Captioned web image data
****************************************

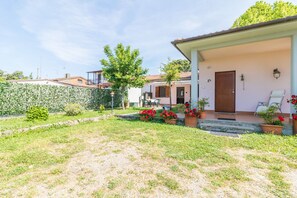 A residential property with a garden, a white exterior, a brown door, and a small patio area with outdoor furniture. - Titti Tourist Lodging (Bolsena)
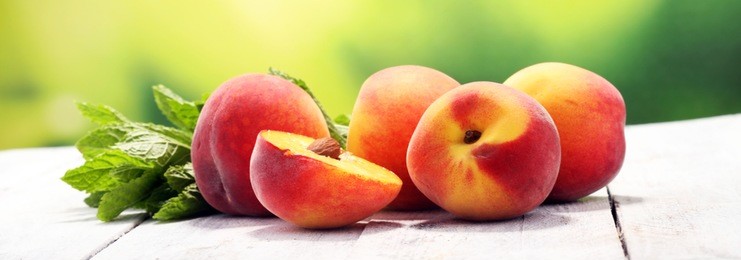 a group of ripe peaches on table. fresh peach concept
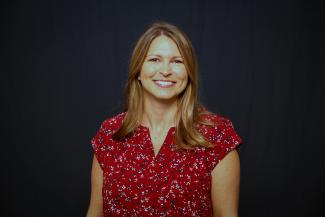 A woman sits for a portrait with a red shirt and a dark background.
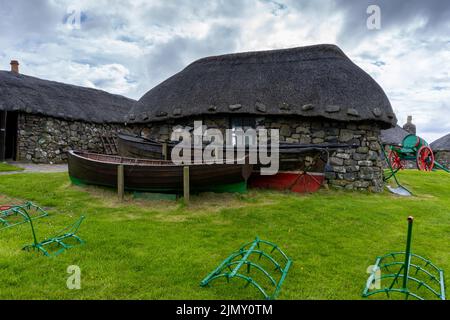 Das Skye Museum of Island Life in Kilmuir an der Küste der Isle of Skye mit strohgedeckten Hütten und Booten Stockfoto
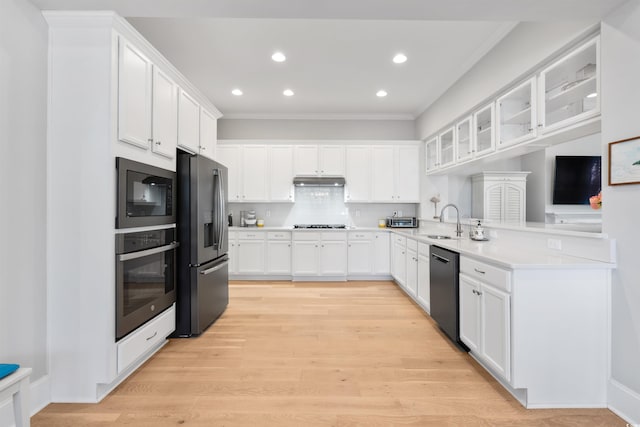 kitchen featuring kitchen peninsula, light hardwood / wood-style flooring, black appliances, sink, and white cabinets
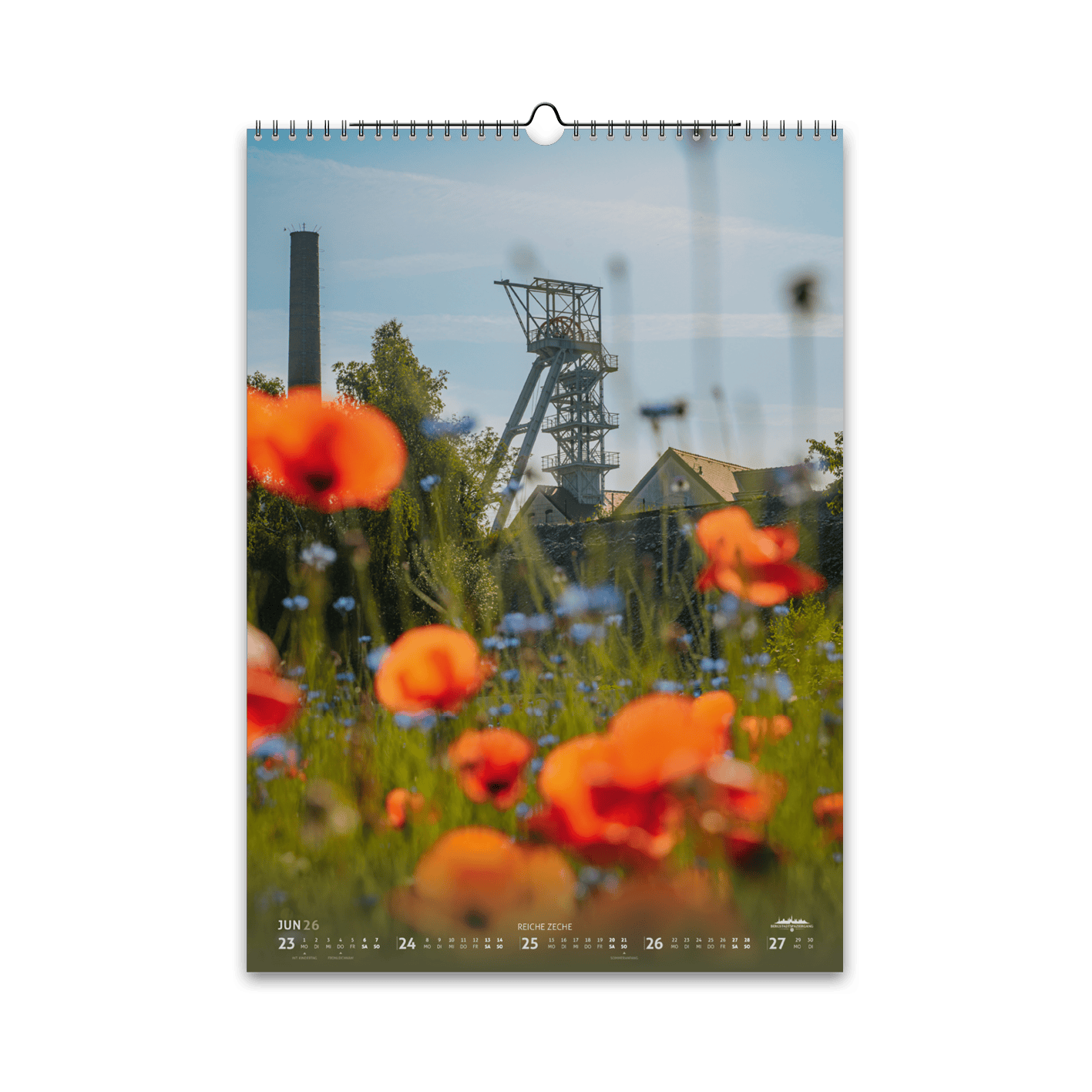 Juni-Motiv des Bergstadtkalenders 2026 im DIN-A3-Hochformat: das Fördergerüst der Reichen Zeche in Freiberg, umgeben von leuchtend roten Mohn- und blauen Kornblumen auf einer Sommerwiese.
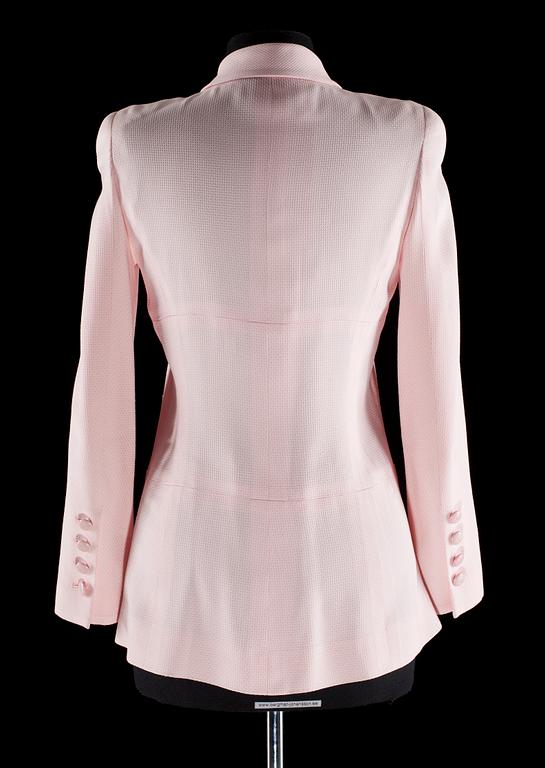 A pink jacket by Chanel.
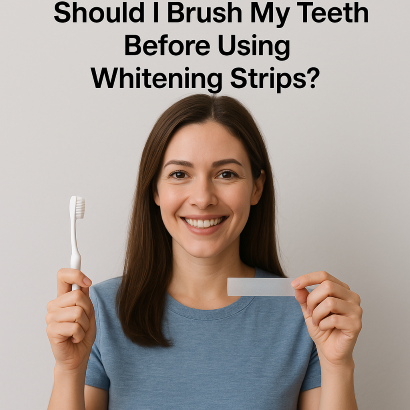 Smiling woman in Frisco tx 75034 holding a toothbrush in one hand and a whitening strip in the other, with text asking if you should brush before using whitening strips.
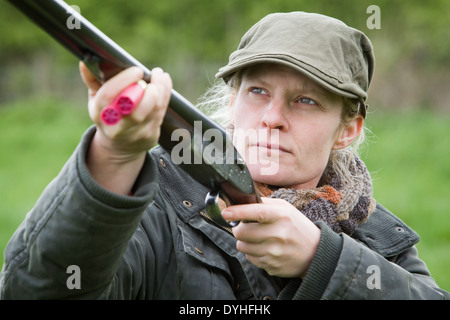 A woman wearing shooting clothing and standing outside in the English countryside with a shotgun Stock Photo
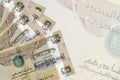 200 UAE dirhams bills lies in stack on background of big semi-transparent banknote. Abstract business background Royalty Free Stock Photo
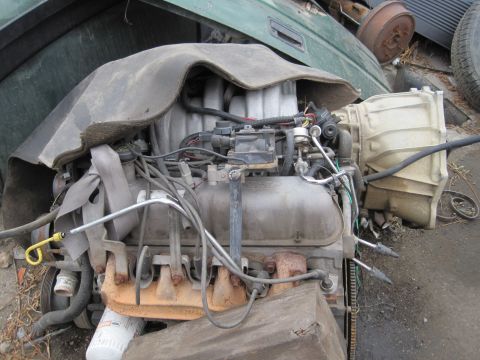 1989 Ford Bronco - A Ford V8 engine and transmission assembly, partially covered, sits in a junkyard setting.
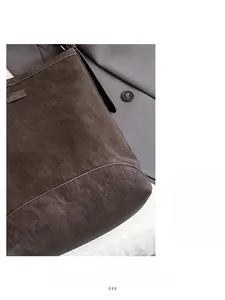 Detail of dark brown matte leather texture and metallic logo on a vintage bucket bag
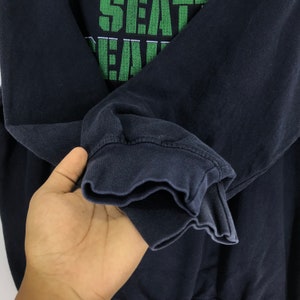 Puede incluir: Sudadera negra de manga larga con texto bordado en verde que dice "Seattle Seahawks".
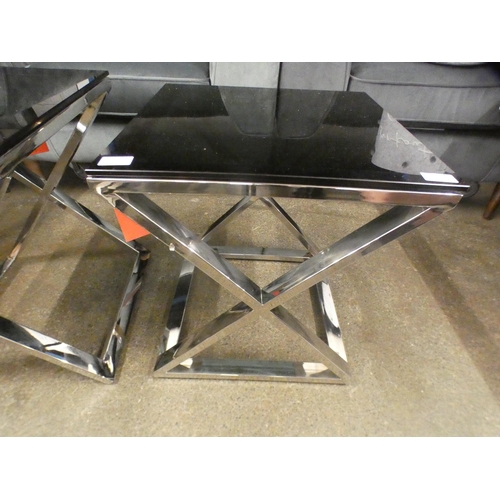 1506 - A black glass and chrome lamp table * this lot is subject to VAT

****************************************

# Task to carry out:
Could you restate each record word for word, keeping the pictures out?

# The completed task:
 A residential property with a garden, a white exterior, a brown door, and a small patio area with outdoor furniture. - Titti Tourist Lodging (Bolsena)
 a group of ripe peaches on table. fresh peach concept
 A woman sits for a portrait with a red shirt and a dark background.
 Das Skye Museum of Island Life in Kilmuir an der Küste der Isle of Skye mit strohgedeckten Hütten und Booten Stockfoto
 kitchen featuring kitchen peninsula, light hardwood / wood-style flooring, black appliances, sink, and white cabinets
 Juni-Motiv des Bergstadtkalenders 2026 im DIN-A3-Hochformat: das Fördergerüst der Reichen Zeche in Freiberg, umgeben von leuchtend roten Mohn- und blauen Kornblumen auf einer Sommerwiese.
 A pink jacket by Chanel.
 Smiling woman in Frisco tx 75034 holding a toothbrush in one hand and a whitening strip in the other, with text asking if you should brush before using whitening strips.
 A woman wearing shooting clothing and standing outside in the English countryside with a shotgun Stock Photo
 200 UAE dirhams bills lies in stack on background of big semi-transparent banknote. Abstract business background Royalty Free Stock Photo
 1989 Ford Bronco - A Ford V8 engine and transmission assembly, partially covered, sits in a junkyard setting.
 Detail of dark brown matte leather texture and metallic logo on a vintage bucket bag
 Puede incluir: Sudadera negra de manga larga con texto bordado en verde que dice "Seattle Seahawks".
 1506 - A black glass and chrome lamp table * this lot is subject to VAT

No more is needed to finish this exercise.